Task »
Restate each of the lines below word for word and drop every picture.

Entries shown »
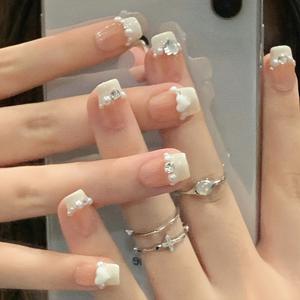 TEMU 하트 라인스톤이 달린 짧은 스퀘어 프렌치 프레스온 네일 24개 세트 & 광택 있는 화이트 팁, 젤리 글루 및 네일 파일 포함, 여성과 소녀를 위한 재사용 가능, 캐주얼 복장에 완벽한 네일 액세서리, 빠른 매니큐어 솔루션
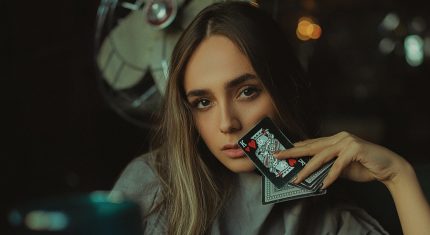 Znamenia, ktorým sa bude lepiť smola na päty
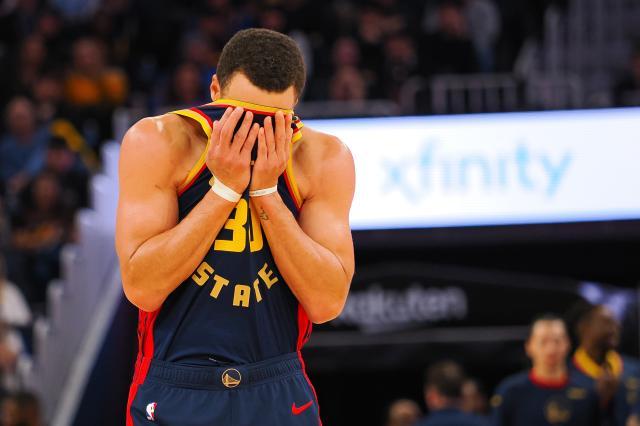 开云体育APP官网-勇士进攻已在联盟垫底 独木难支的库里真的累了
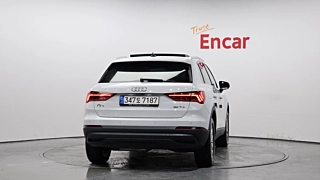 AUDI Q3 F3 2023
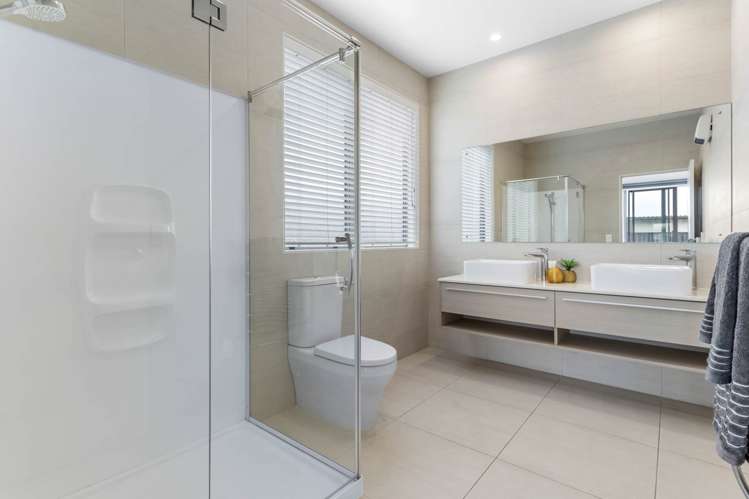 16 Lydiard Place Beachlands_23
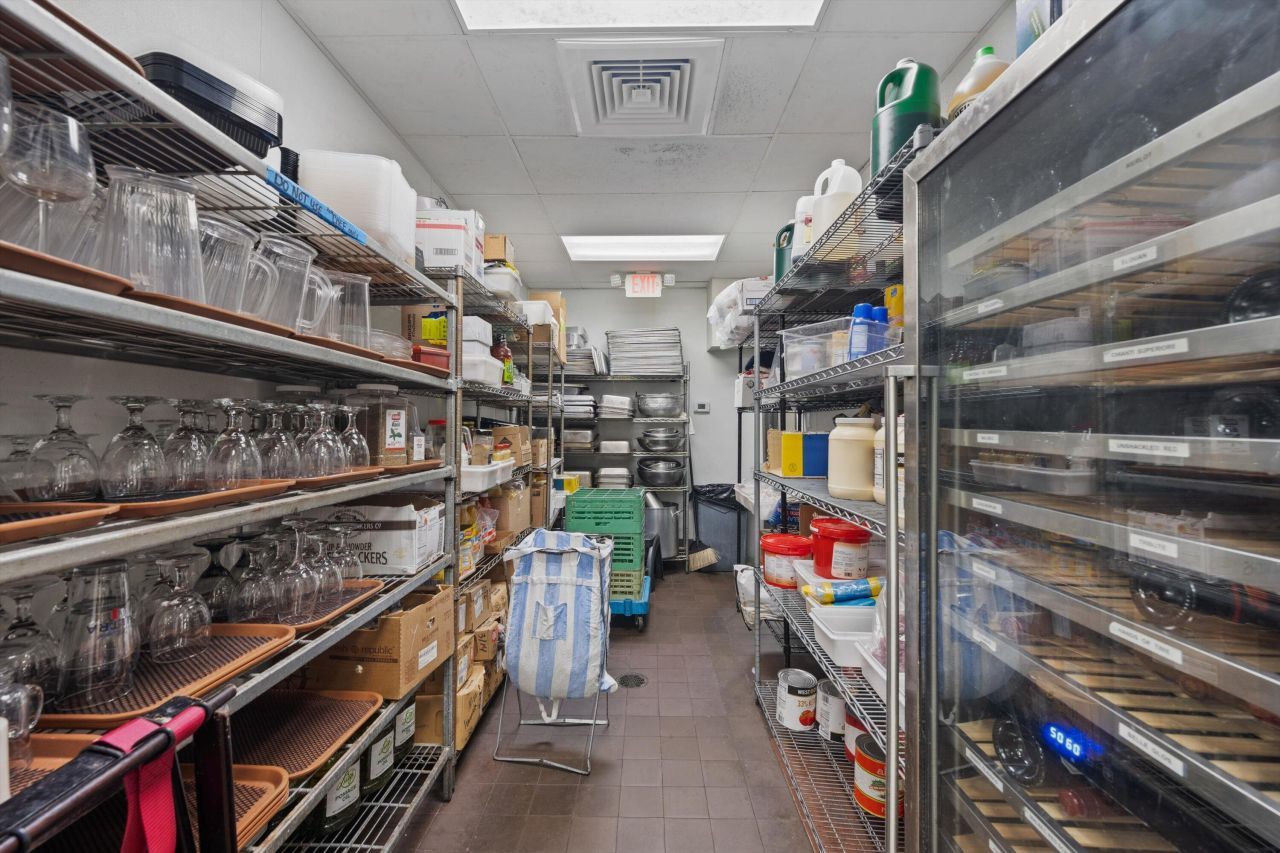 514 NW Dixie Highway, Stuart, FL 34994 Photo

Answer box »
 TEMU 하트 라인스톤이 달린 짧은 스퀘어 프렌치 프레스온 네일 24개 세트 & 광택 있는 화이트 팁, 젤리 글루 및 네일 파일 포함, 여성과 소녀를 위한 재사용 가능, 캐주얼 복장에 완벽한 네일 액세서리, 빠른 매니큐어 솔루션
 Znamenia, ktorým sa bude lepiť smola na päty
 开云体育APP官网-勇士进攻已在联盟垫底 独木难支的库里真的累了
 AUDI Q3 F3 2023
 16 Lydiard Place Beachlands_23
 514 NW Dixie Highway, Stuart, FL 34994 Photo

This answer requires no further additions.